It is now a landmark building on Greams Road, off Anna Salai — the city’s commercial lifeline. The headquarters of MRF Tyres, known for its spacious lobbies and terrace gardens, was designed by Charles Correa, the world renowned and master architect who died in Mumbai on Wednesday.
Another building in the city to Mr. Correa’s credit is Sundaram Towers on Whites Road, off Anna Salai, completed about 15 years ago. More recently, he had designed the Mahindra Research Valley in Mahindra World City, near Chengalpattu.

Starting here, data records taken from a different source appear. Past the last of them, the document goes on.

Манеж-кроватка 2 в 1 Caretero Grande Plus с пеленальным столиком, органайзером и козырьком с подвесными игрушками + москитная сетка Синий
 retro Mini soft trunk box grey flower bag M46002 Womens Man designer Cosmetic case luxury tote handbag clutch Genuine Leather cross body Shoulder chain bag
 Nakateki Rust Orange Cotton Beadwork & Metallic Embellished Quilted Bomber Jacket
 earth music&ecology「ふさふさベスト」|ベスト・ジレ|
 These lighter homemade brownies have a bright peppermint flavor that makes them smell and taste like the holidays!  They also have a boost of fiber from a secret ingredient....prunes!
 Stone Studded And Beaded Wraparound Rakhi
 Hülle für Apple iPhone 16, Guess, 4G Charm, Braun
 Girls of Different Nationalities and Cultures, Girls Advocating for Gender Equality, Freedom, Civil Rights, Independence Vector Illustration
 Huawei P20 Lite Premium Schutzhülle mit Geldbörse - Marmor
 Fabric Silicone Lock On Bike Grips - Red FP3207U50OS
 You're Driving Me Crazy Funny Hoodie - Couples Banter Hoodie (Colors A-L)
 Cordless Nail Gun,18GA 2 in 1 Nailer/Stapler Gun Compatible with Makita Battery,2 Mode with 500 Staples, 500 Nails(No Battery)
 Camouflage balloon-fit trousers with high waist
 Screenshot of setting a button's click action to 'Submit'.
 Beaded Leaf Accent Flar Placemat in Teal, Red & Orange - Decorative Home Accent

K.M. Mammen, chairman and managing director of MRF Tyres, describes Mr. Correa as an amazingly bright person. “He interviewed each and everyone in our family and made a complete study of what we wanted. He was able to see things which we could not,” he says.
Mr. Correa, he adds, became friends with everyone in the construction site while work was on. He was very particular about the colour combination and even after work was over, he would come unannounced with a video camera, shooting how the office was being maintained.
“He was the best architect in the country. He used magenta, a colour I would not have imagined using. He demonstrated the ‘street concept’: the building follows the curve of the street and has a lot of greenery — terrace gardens and plants on all floors.”
“We have to admire the corporates who used Mr. Correa in building their office spaces, but it is a tragedy that Chennai did not have more buildings designed by him,” says city architect Pramod Balakrishnan. Calling him a guru for all young and budding architects, he says Mr. Correa is among the best architects in independent India whose buildings did not “shout at people.” “He did not work to get brownie points and the embellished purity of his buildings were their simplicity and clarity.”
A former urban planner says Mr. Correa did not construct buildings like assembling match boxes, but created interiors and exteriors very interestingly, altering the face and heights of spaces to make better office spaces. “Common spaces had a lot of height, now seen in city malls. He was far ahead of his times,” he sums up.